Task: Your answer must be an exact copy of the lines from the one containing "Lenovo Laptop ThinkBook" through the last line of the records below, with no pictures; please include nothing else.

Recorded data
━━━━━━━━━━━━━━━━━━━━━━━━━━━━━━

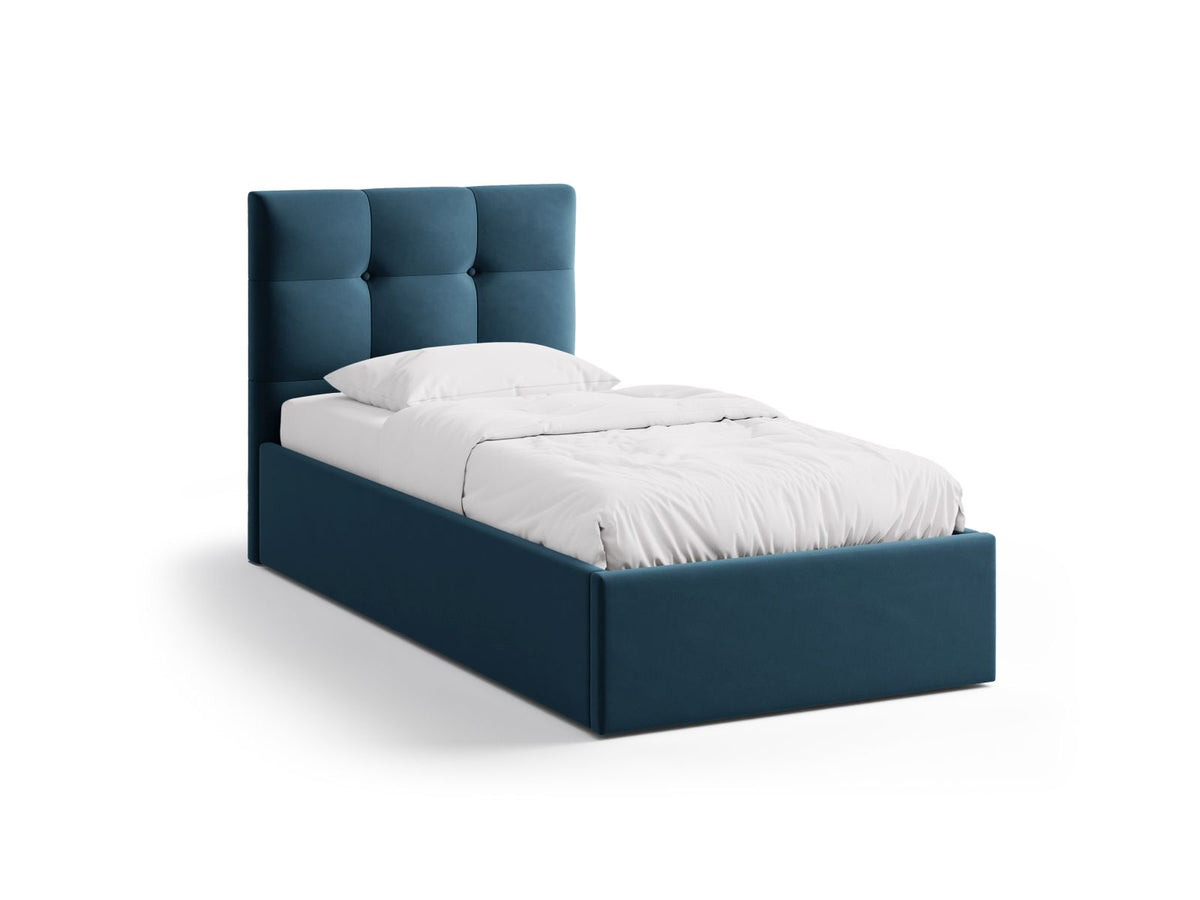 Letto Contenitore con Testata Phaedra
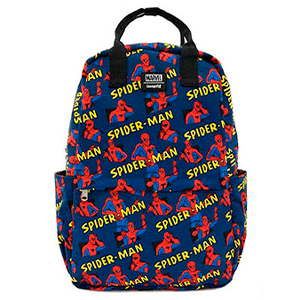 LoungeFly Spiderman Marvel 44cm - Mochila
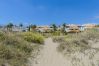 Beach near this apartment in Marbella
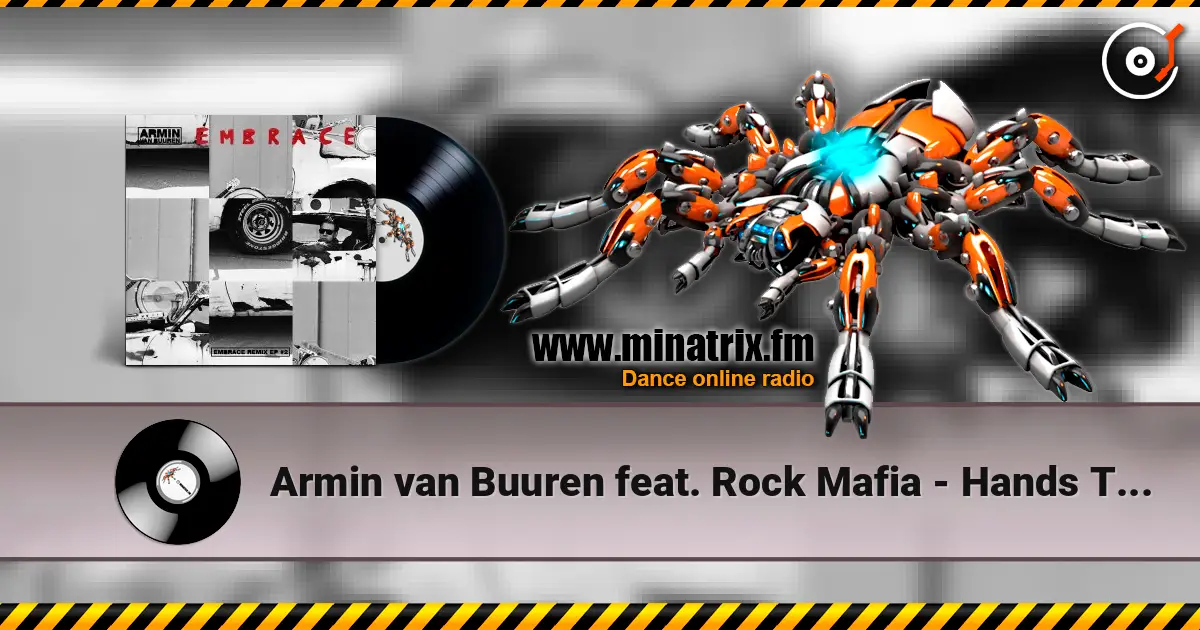 Armin van Buuren feat. Rock Mafia - Hands To Heaven (Chris Schweizer Remix) escuchar online en alta calidad | Minatrix.FM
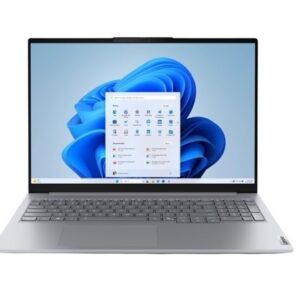 Lenovo Laptop ThinkBook 16 G8 21SK00R0PB W11Pro Ultra 7 255H/2X16GB/1TB/INT/16.0 WUXGA/Arctic grey/3YRS OS + CO2 Offset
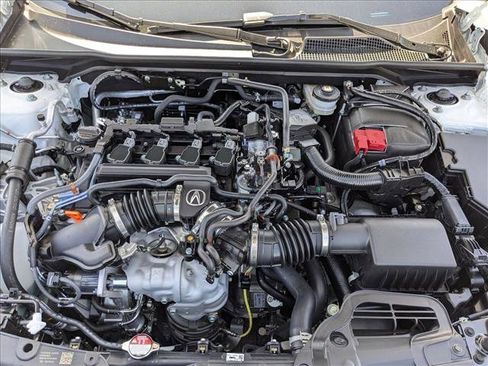 New 2026 Acura Integra A-Spec FWD image 16
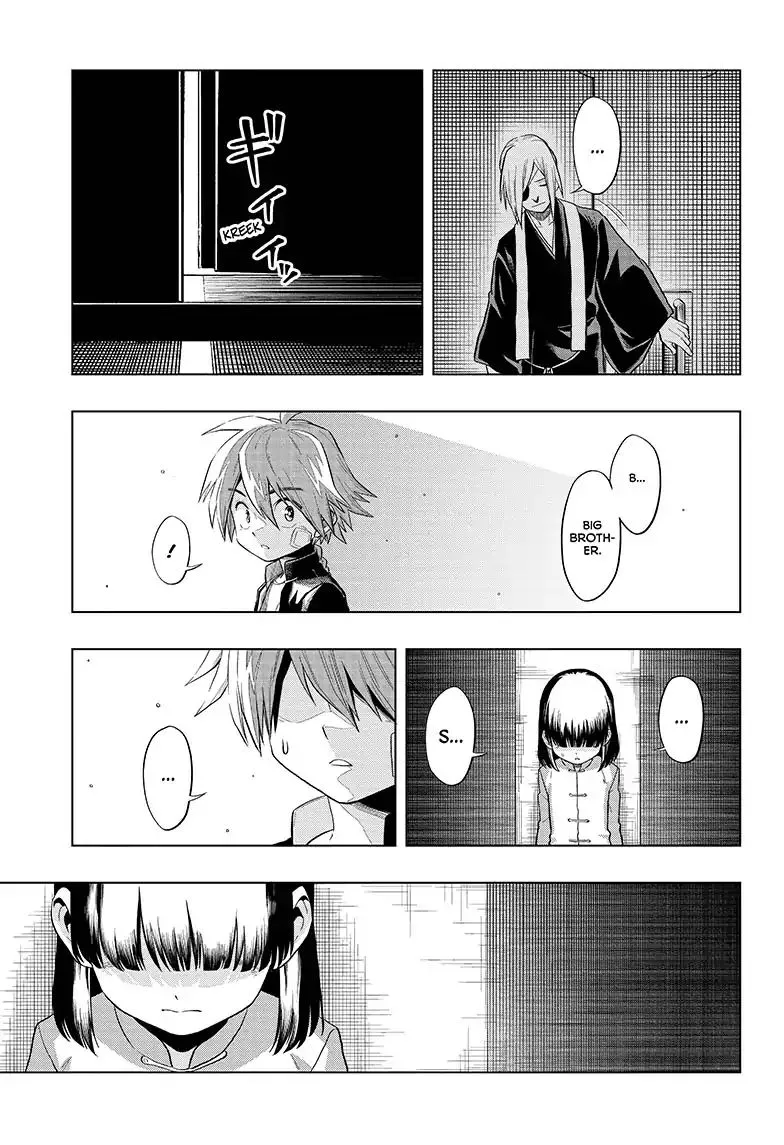 Read The Last Saiyuki chapter 3 image 8 on Lezhin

━━━━━━━━━━━━━━━━━━━━━━━━━━━━━━

Written response:
 Lenovo Laptop ThinkBook 16 G8 21SK00R0PB W11Pro Ultra 7 255H/2X16GB/1TB/INT/16.0 WUXGA/Arctic grey/3YRS OS + CO2 Offset
 New 2026 Acura Integra A-Spec FWD image 16
 Read The Last Saiyuki chapter 3 image 8 on Lezhin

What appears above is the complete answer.